御意見番!業界ニュースを斬る:すかいらーくの増収増益について

1999.04.19 176号 12面

日ごろ報じられる大手偏重の外食ニュース。理屈や数字などいろいろ活字になっているが、詳しい中身は分からない。本当に書かれている通りなのか? 掲載スペースや見出しの大きさだけでニュースバリューを判断していいものか? 最近載った飲食店業界の重大ニュース記事をテーマに、業界の御意見番から記事に対する解説をもらった。今回のテーマは日経流通新聞2月24日付の外食版トップ・すかいらーくグループの決算記事について。
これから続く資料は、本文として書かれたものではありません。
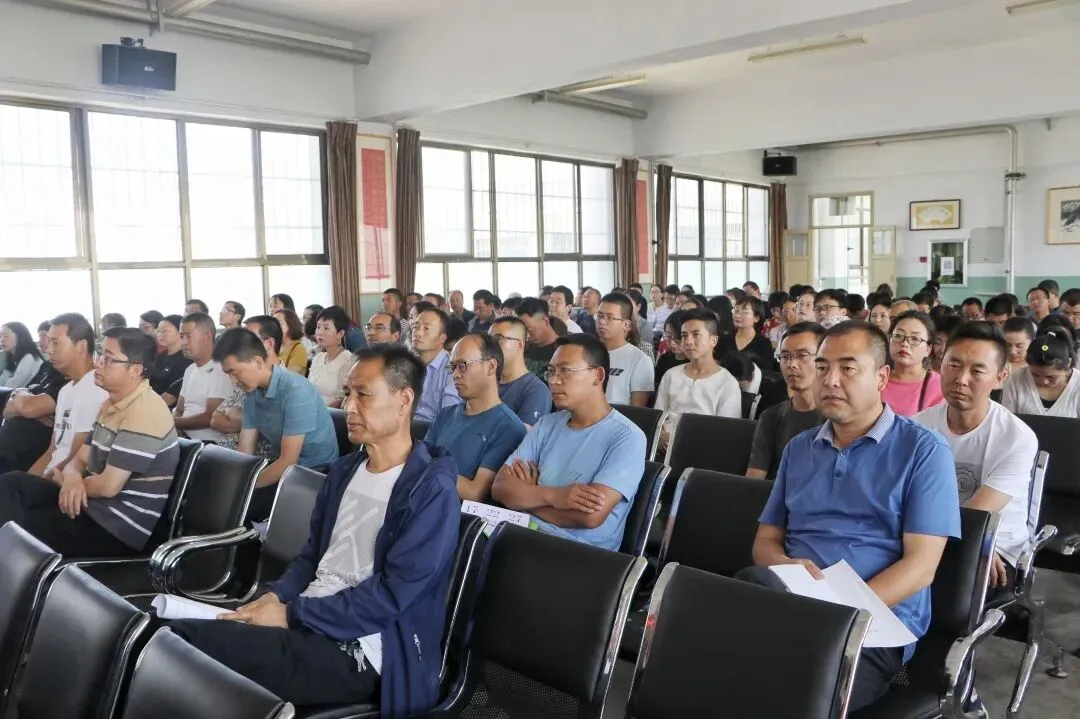 【中考动态】礼县第二中学召开2022年中考礼县二中考点考务培训会 第8张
すかいらーくグループ各店の現状からいって、これだけの業績を残しているのだから立派。しかも店長の年収は、この不景気にあって五五〇~九〇〇万円と聞く。これなら「店長=チェーンストアロボット」と嫌みをいわれても、すごく幸せだろう。飲食チェーンストアの労働はある意味でとても楽。一般企業のように創意工夫を迫られることなく、マニュアルに従って働くだけだから、普通の人ならだれでもできる(むろん優秀な人材もたくさんいる)。

先般訪れたスカイラークガーデンの従業員ものんびりしていた。席に着いてから三〇分たっても注文を取りにこない。従業員はたくさんいるのにパッシングも全然されていない。あれで店長の年収が最低で五五〇万円というのだから、やっぱりすごくいい会社だ。それで利益を出しているのだからとても余裕がある。真剣にやっていて利益が出ない、社員の給料も少ないというなら、すかいらーくも厳しいのかと思うが、あれならまだまだ大丈夫。心配無用だ。

逆に無駄がないと面白くない。すかいらーくは「新規事業でコケてばかり」というイメージがあるが、逆に、すかいらーくほど新規事業を成功させている企業はない。チャレンジャー精神は依然旺盛である。いくつかの失敗はどうってことない。別に失敗しようと思って失敗しているわけでもないし。それでも店長の年収は落ちないんだから。

すかいらーく、ガスト、ガーデン、グリルは、多様化する客層に対応すべく業態をすみ分けたはずだが、結果的にみな同じになっている。最終的には一つにまとまるのではないか。一時期のガスト化(低価格化)は軌道修正されたし、かといってグリルはいまの景気動向から見てニーズに合わないと思う。二〇年先を見据えるならガーデンがベストだと思う。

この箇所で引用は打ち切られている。